A: The general idea was that people don't like taking medication. It's going to be impossible to predict who doesn't like taking pills just based on the demographics, but I think understanding that there are differences among people is important. We all know that compliance isn't 100% with medication regimens for a variety of reasons.

It does reinforce the idea that physicians should be having these discussions with patients about how this affects their quality of life, especially for patients that are not as compliant. Ask them if it's something that they're willing to do before we prescribe medications.

This is a pretty significant effect on people's quality of life. It's not huge, but when we think about this over a period of years or decades, then we really have to think about what we're doing to patients [by prescribing lifelong medications], and make sure that they're on board with us and have the same ideas in terms of what we want for their medical care.

Q: What are other implications of the findings?

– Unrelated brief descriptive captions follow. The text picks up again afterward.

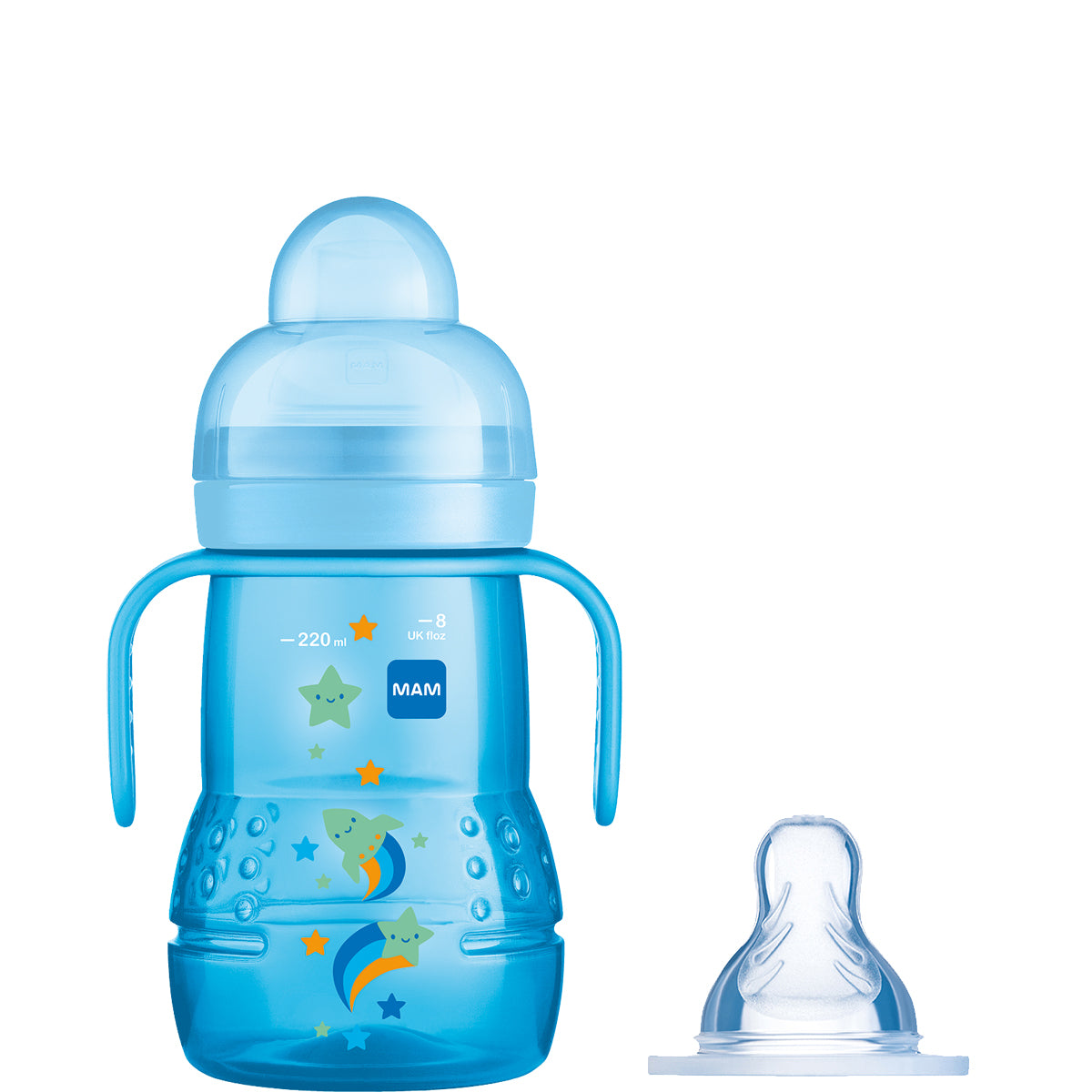 MAM Trainer 2in1 Cup 4m+ Spill Free Toddler Cup - Blue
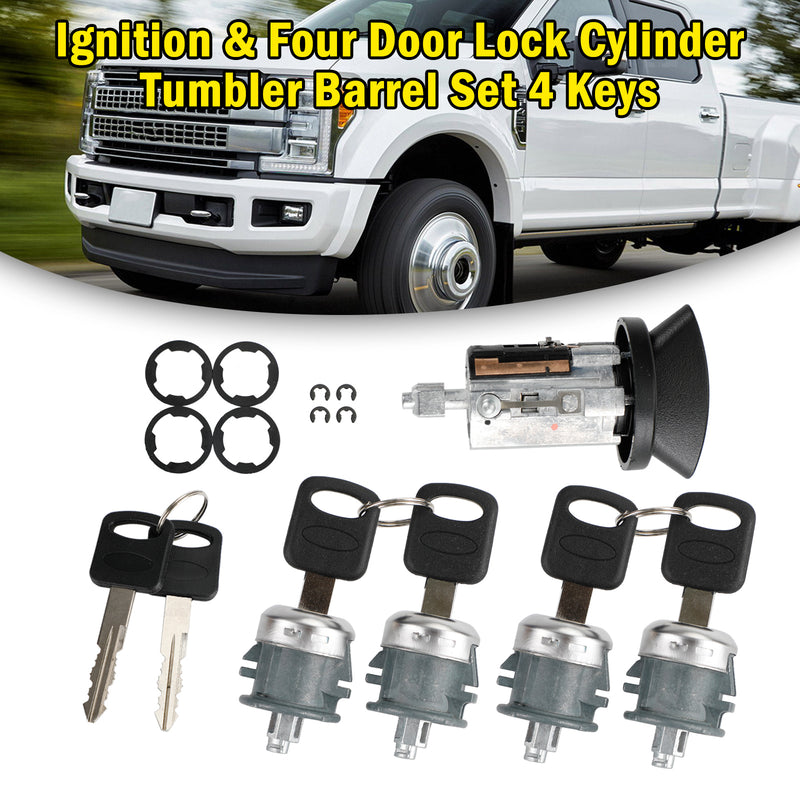 Ford E Series Van Ignition & Four Door Lock Cylinder Tumbler Barrel 4 Keys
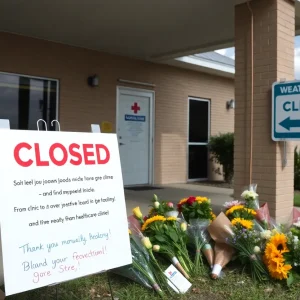 Closure notice on a Planned Parenthood clinic with flowers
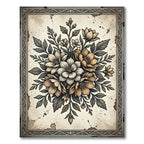 Vintage Sepia Floral Bouquet Arrangement Rug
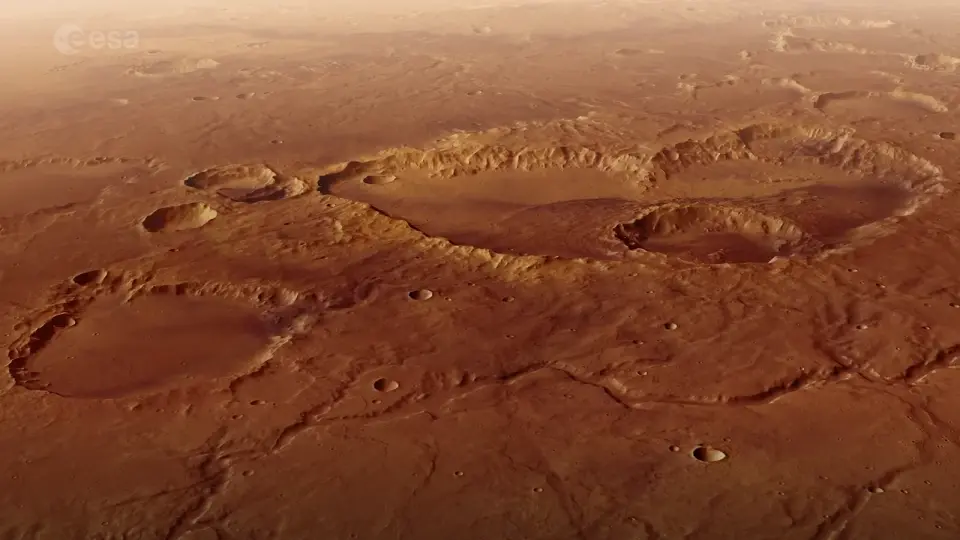 Mars Express Captures Fresh 3D View of Schiaparelli Crater on Mars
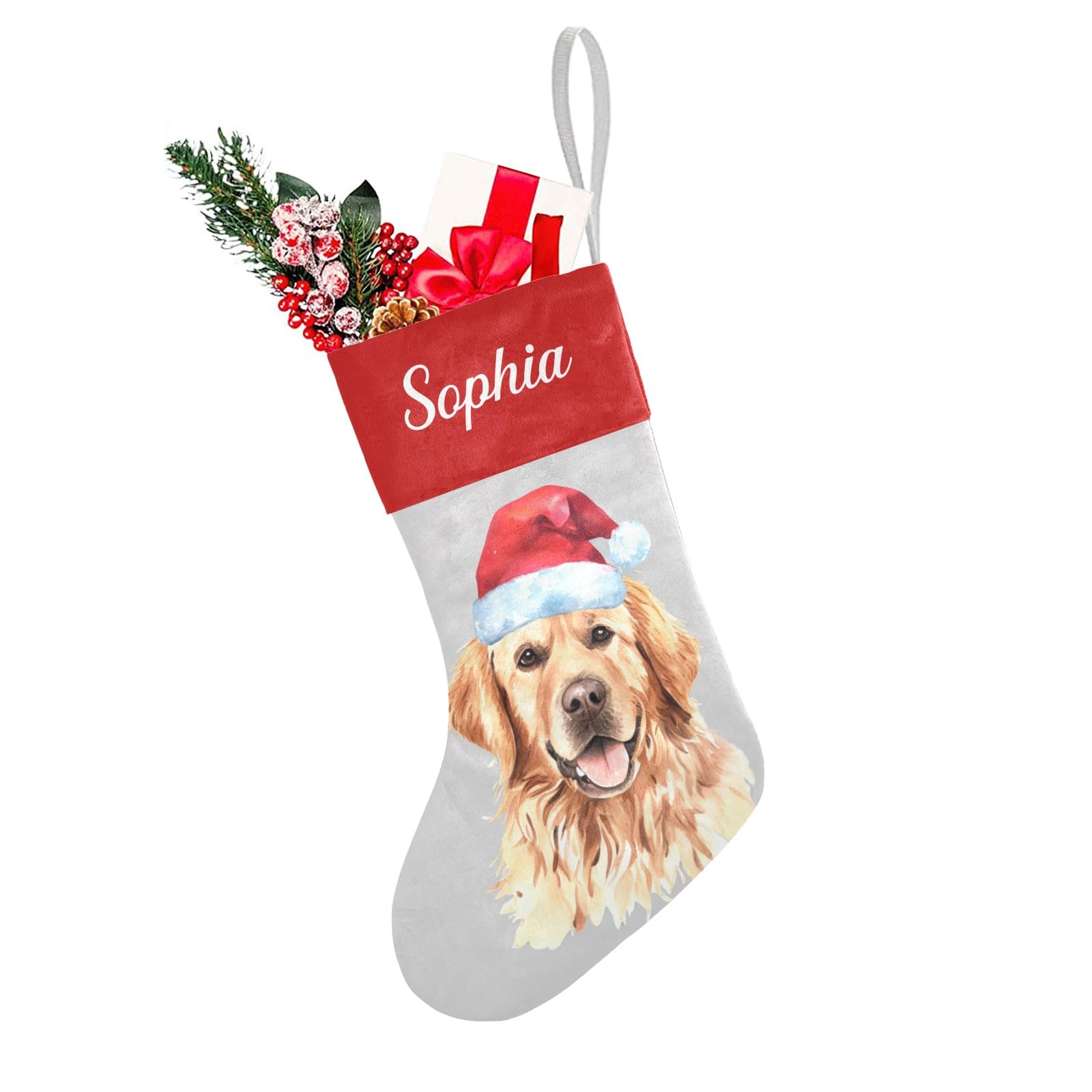 Personalized Santa Hat Golden Retriever Christmas Stockings with Name Custom Xmas Gift Fleece Holiday Decoration Gift 17.52 x 7.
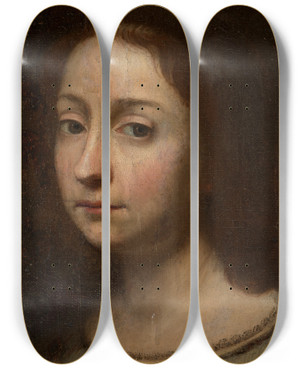 Triptych art skateboard deck of Scipione Pulzone Portrait Of A Girl by Scipione Pulzone (1546-1598)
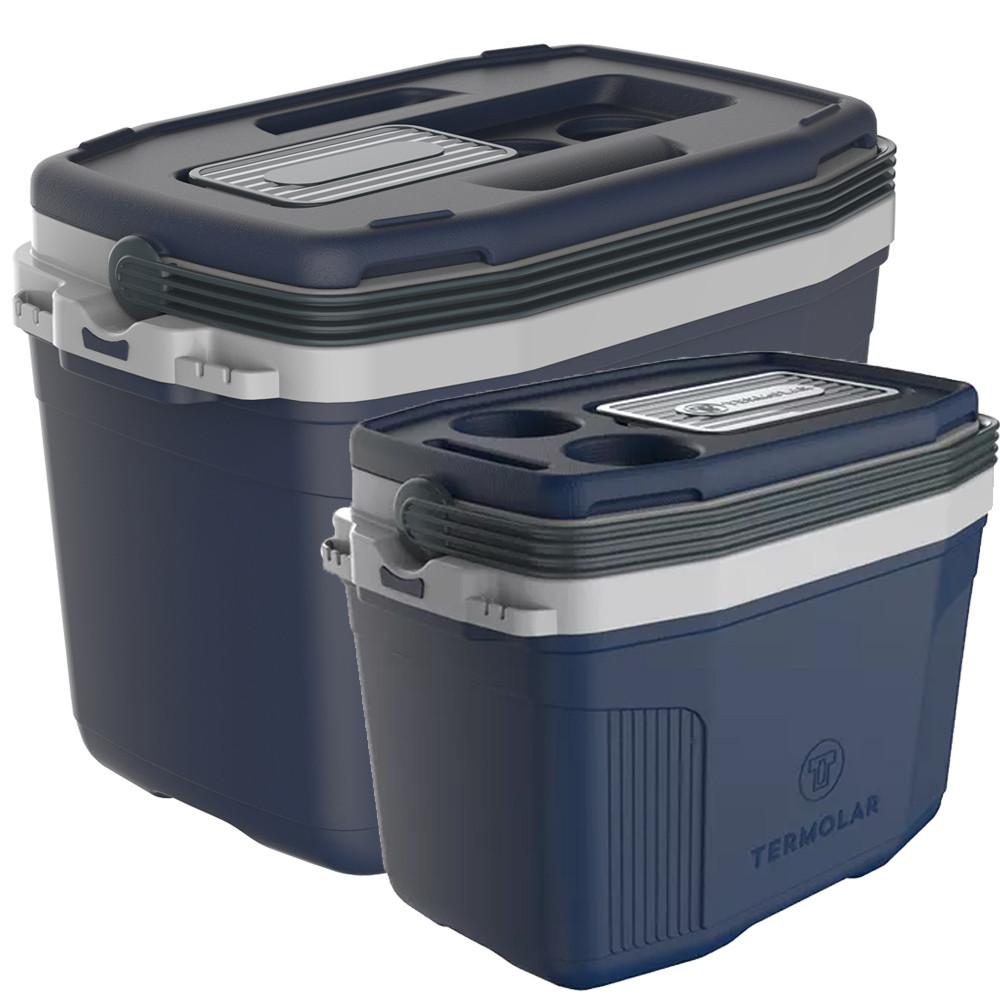 Kit Praia Pesca Caixa Cooler Térmico Grande 32 Litros E Caixa Pequena 20 Litros Termolar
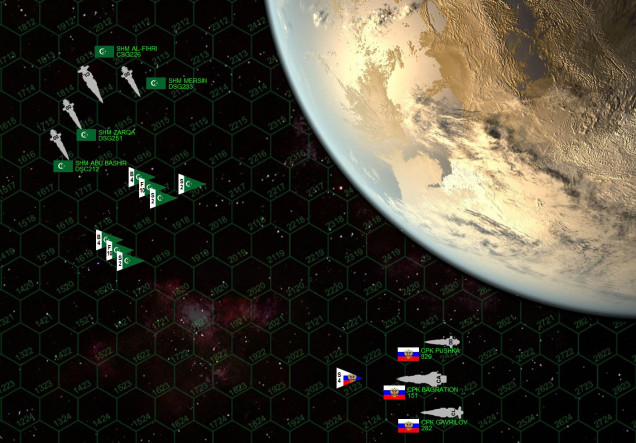 There is the matchup.  The battle is 214 points.  The Russian battlegroup is fairly straightforward, a gun-heavy cruiser group built around the Slava class heavy Cruiser Bagration, the Kutusov class light cruiser Gavrilov, and the Sovnya class destroyer Pushka.  The Arab League’s battlegroup is, well ... unusual.  But this is an unusual faction.  The flagship is the Almanzor class hybrid cruiser Al Fihri, part light cruiser, part light fleet carrier.  There are two Basra class destroyers (Zarqa and Mersin) and the Khalifa class light carrier Abu Bashir.  Clearly, the Russians have a huge advantage is size, gunnery, and torpedoes, while the League will have to rely on speed, maneuverability, and above all ... their aerospace strike group.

A: It's probably more pertinent on a population level, specifically when looking at policy decisions. Policymakers look at these cost-effectiveness analyses to decide whether or not to implement or pay for a certain intervention. We hope that our data can be used to make these cost-effectiveness analyses more accurate, so that policy decisions will be more appropriately decided.

Q: Is there any additional research you hope or plan to do in this area?

A: One thing that we wished we had done, and we probably would have had we had more resources, was actually talk to people in depth ... especially these people who were at the far end of the spectrum and said that this really affected their quality of life. We wished we had been able to interview those people and find out why exactly, for them, this was such a big deal. We've talked about repeating the study, but picking out those people who were the outliers and finding out a little bit more from them.